Form I-864, officially known as the “Affidavit of Support Under Section 213A of the INA,” is a U.S. immigration form that is typically filed by a U.S. citizen or a lawful permanent resident (green card holder) on behalf of an immigrant. The purpose of this form is to show that the sponsoring individual has the financial means to support the intended immigrant and prevent them from becoming a public charge.
The following individuals are generally required to file Form I-864:
- U.S. Citizens: If you are sponsoring a family member who is immigrating to the United States based on a family-sponsored immigrant visa, you are typically required to submit Form I-864.
- Lawful Permanent Residents (Green Card Holders): In some cases, green card holders may also need to file Form I-864 if they are sponsoring certain family members.
- Joint Sponsors: If the sponsoring individual does not meet the income requirements outlined in the I-864P Poverty Guidelines, a joint sponsor may be required. The joint sponsor must also submit a separate Form I-864 and meet the necessary financial criteria.
- Household Members: If the sponsor’s income alone does not meet the required threshold, the income of certain household members can be included to meet the requirements.
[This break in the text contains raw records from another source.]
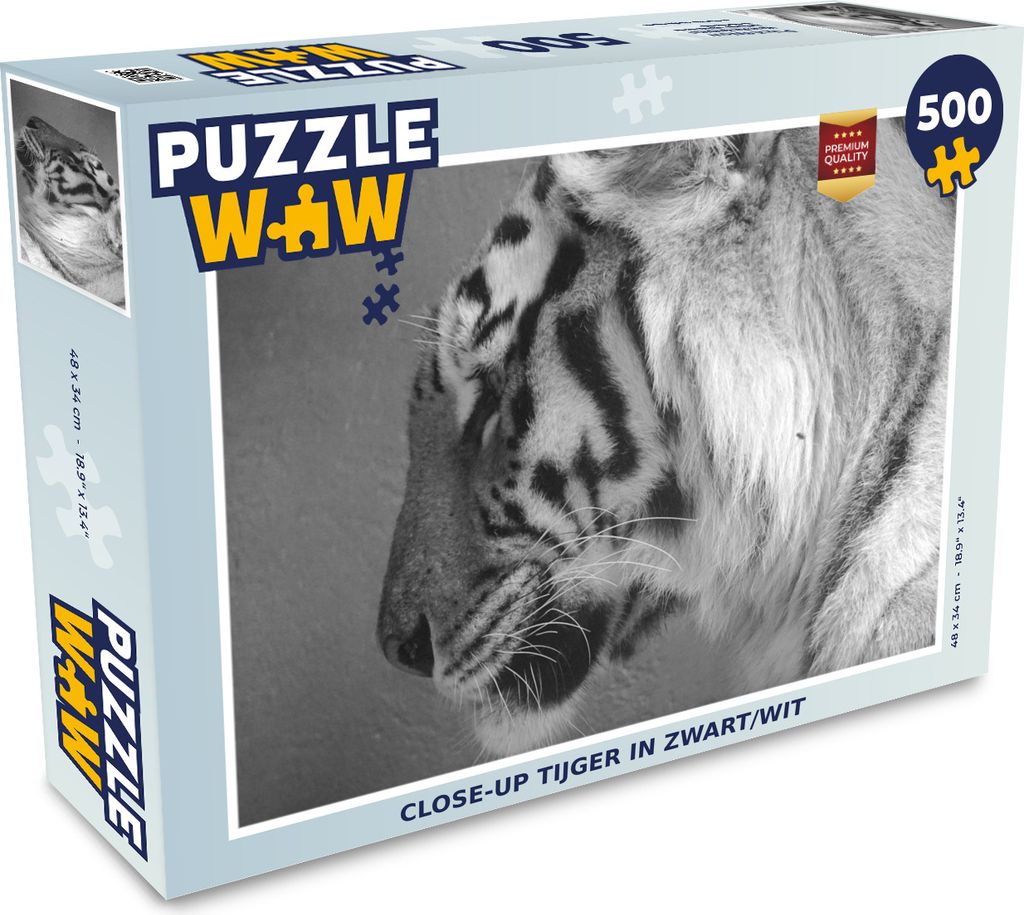 MuchoWow Puzzle 500 Teile Tiger - Tiere - Schwarz - Weiß - 500 Teile - Kinder - Selberbauen - Puzzlespiele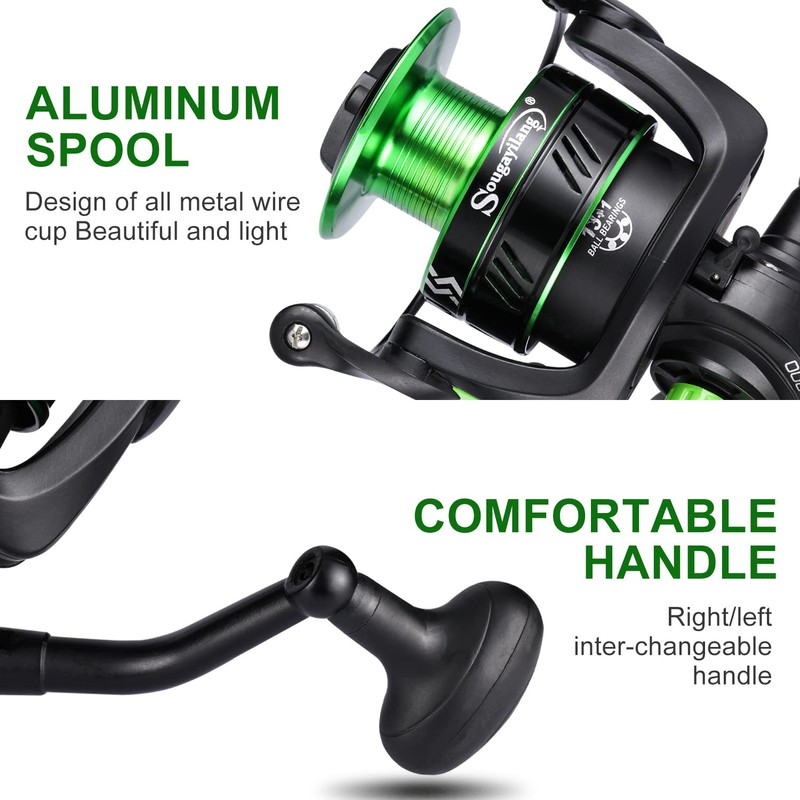 Sougayilang Spinning Reel 13+1 Stainless Steel BB Bait Feeder Carp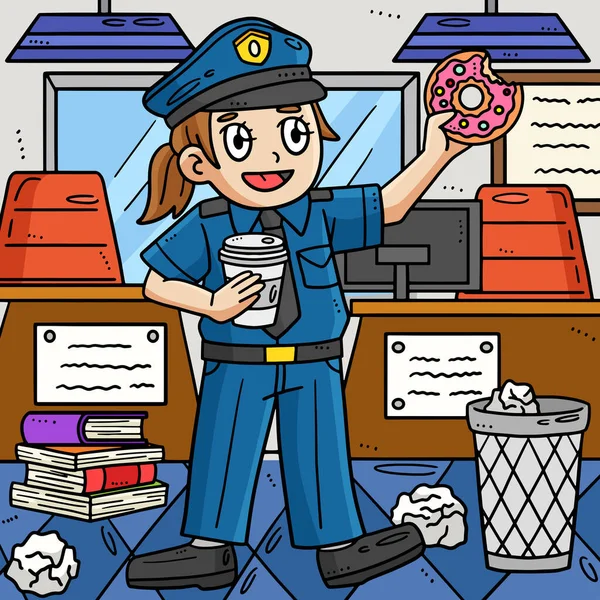 Karikatür Bir Polisin Kahve Molası Verdiğini Gösteriyor — Stok Vektör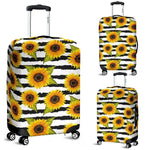 Sunflower Striped Pattern Print Luggage Cover GearFrost
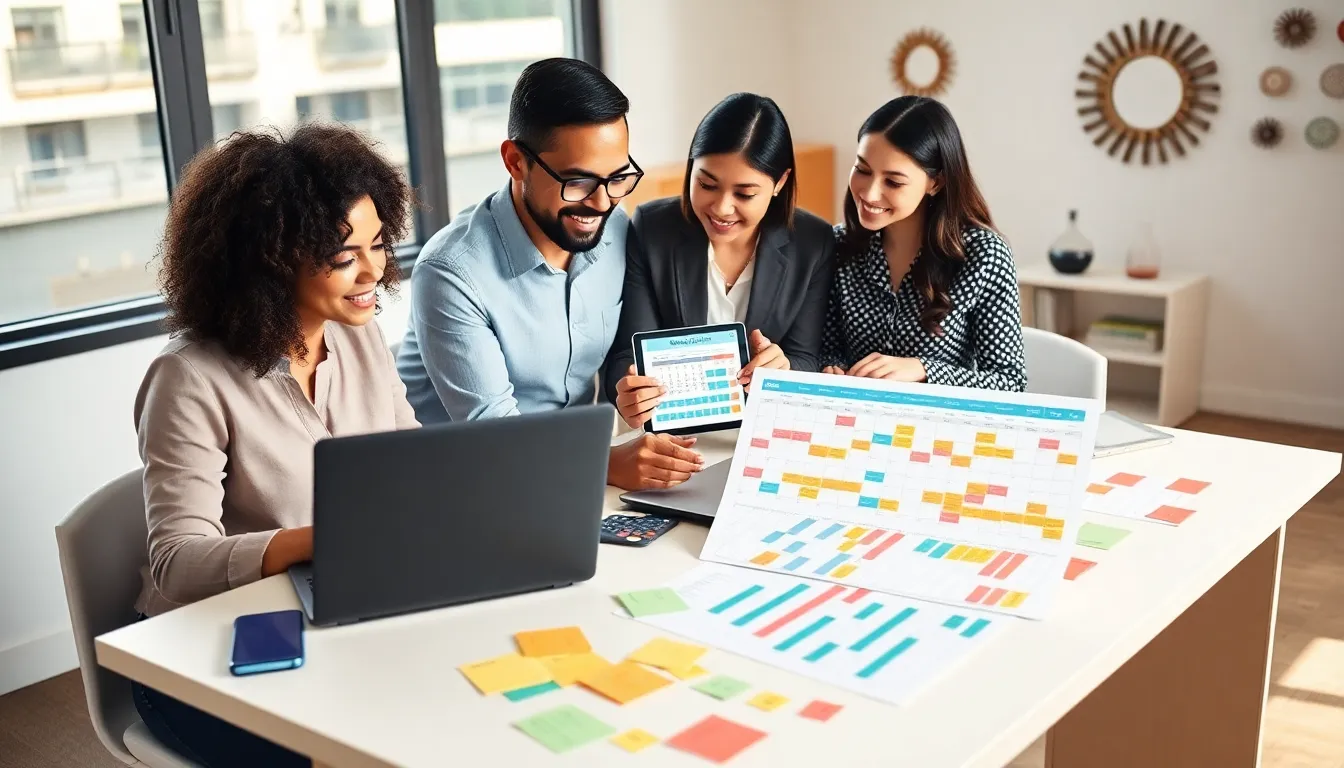 diverse team planning events in a modern office setting.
These household members may need to submit Form I-864A, Contract Between Sponsor and Household Member.
Who needs a joint sponsor?
A joint sponsor is needed when the primary sponsor (petitioner) for an immigrant visa or adjustment of status application does not meet the financial requirements to support the intending immigrant(s). In the context of Form I-864, which is the Affidavit of Support required for many family-based immigration processes, a joint sponsor may be necessary if the primary sponsor’s income is insufficient to meet the federal poverty guidelines.
Here are situations where a joint sponsor might be needed:
- Insufficient Income of the Primary Sponsor: If the income of the primary sponsor falls below the required threshold based on the U.S. Department of Health and Human Services (HHS) poverty guidelines, a joint sponsor with adequate income can be enlisted to meet the financial requirements.
- Joint Sponsor for Family Members: A joint sponsor may be needed when sponsoring specific family members, such as spouses, parents, and other relatives. The requirement for a joint sponsor is more common in family-based immigration cases.
- Employment-Based Immigrant Visa Categories: In some employment-based immigration cases, a joint sponsor might be required if the sponsoring employer or petitioner cannot meet the income requirements alone.
It’s important to note that the joint sponsor must be a U.S. citizen or a lawful permanent resident, and they must be willing to assume the financial responsibility for the sponsored immigrant(s). Both the primary sponsor and the joint sponsor are required to submit separate Form I-864, Affidavit of Support.
What documents must a joint sponsor submit to USCIS?
When serving as a joint sponsor for an immigrant visa or adjustment of status application, the joint sponsor is required to submit specific documents to the U.S. Citizenship and Immigration Services (USCIS) along with Form I-864, Affidavit of Support. The documentation is necessary to demonstrate that the joint sponsor meets the financial requirements to support the intending immigrant. The following documents are typically required:
- Form I-864, Affidavit of Support: The joint sponsor must complete and sign Form I-864. This form is a legally binding contract in which the joint sponsor agrees to financially support the immigrant(s) to prevent them from becoming a public charge.
- Proof of U.S. Citizenship or Permanent Residency: The joint sponsor must provide evidence of their U.S. citizenship or lawful permanent resident status. For U.S. citizens, this could be a copy of a U.S. passport, birth certificate, or certificate of naturalization. For permanent residents, a copy of the green card is required.
- Proof of Income: The joint sponsor needs to demonstrate that their income meets the minimum financial requirements. This can typically be proven through the submission of the following documents:
- Copies of the most recent federal income tax returns (Form 1040) with all supporting schedules.
- W-2 forms for the most recent tax year.
- Recent pay stubs or employer letter indicating current employment and income.
- Employment Verification: If the joint sponsor is employed, they may need to provide a letter from their employer confirming their current job, salary, and employment status. Self-employed individuals may need to provide additional documentation.
- Proof of Assets: In some cases, the joint sponsor may use assets to meet the income requirements. Documentation such as bank statements, property deeds, or statements for other valuable assets can be submitted.
- Proof of Residence: The joint sponsor may need to provide proof of residence, such as a utility bill or a lease agreement, to establish their U.S. residency.